Citizen fights Fells Point pedestrian changes
Rebecca Smith, founder of the Downtown Baltimore Family Alliance, wrote The Sun recently with a complaint that would have brought quick action when William Donald Schaefer was mayor. Getting There can't promise the same type of results, but it can give a public airing to Smith's complaints about changes the city Department of Transportation has made to the pedestrian signals in Fells Point:
I am writing to ask you to stand up for neighborhoods and walkability in Baltimore City--to move Baltimore forward as a progressive, walkable city that is safe and hospitable to residents, businesses, and visitors--instead of taking us backward to a far less enlightened time when cities were designed only around the needs of the car.
As you know, in November, the Baltimore City Council adopted a "Complete Streets" initiative, which binds the city to consider ALL users in transportation and planning decisions--this means, as you know, that decisions about our streets should consider the needs of walkers, bikers, and transit riders, NOT just automobiles.
Now we are faced with a litmus test to determine whether the City Council's commitment is genuine.
For, a recent transportation decision flies in the face of the City Council's commitment to create Complete Streets.

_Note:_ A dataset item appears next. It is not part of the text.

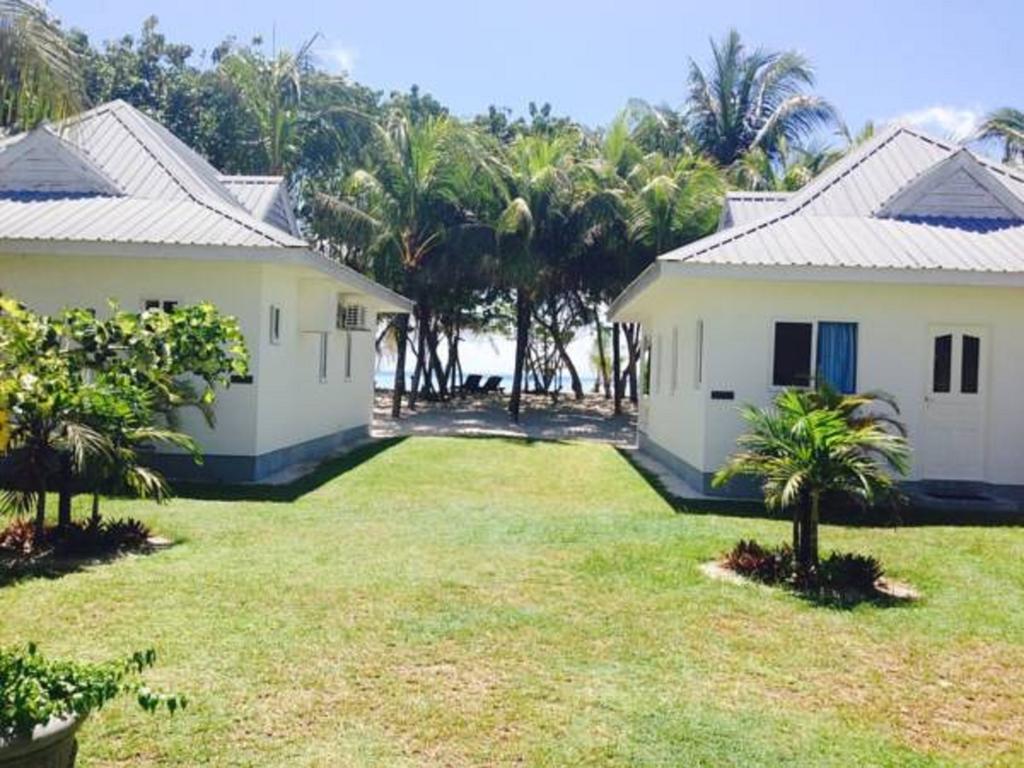 Cap Jean Marie Beach Villas, Праслин (остров), Сейшелы, фотографии туров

Within the past month, changes have been made to the walk signals along Fleet and Eastern Streets in Southeast Baltimore. At certain key intersections* in high pedestrian traffic areas in business districts, pedestrians do not even receive a walk signal at all unless they press a button. Walkers are waiting for unreasonable periods of time to cross the street and often through two cycles of the light if they do not press the button in time. Jaywalking has increased dramatically because walkers get tired of waiting. Some walkers notice that the cross traffic has stopped and enter the intersection without pressing the button, only to find themselves caught in the middle of the street because there is insufficient time to cross when the button is not pressed.
Buttons such as these are appropriate for areas of low pedestrian traffic, not a densely populated urban area with significant foot traffic. And not in a city in which such a practice flies in the face of a recently adopted City Council policy.
As well, drivers on Wolfe and Ann are waiting for unreasonable periods of time--time during which there are periods of NO cross traffic--in order to get where they are going. Drivers on Wolfe, Ann, and Washington have become more aggressive about running lights and turning into crosswalks when walkers are present, making them more threatening to pedestrians, because they are also tired of waiting and have a very short window themselves.
Clearly these decisions were made solely for the purpose of moving automobile traffic more swiftly along Eastern and Fleet.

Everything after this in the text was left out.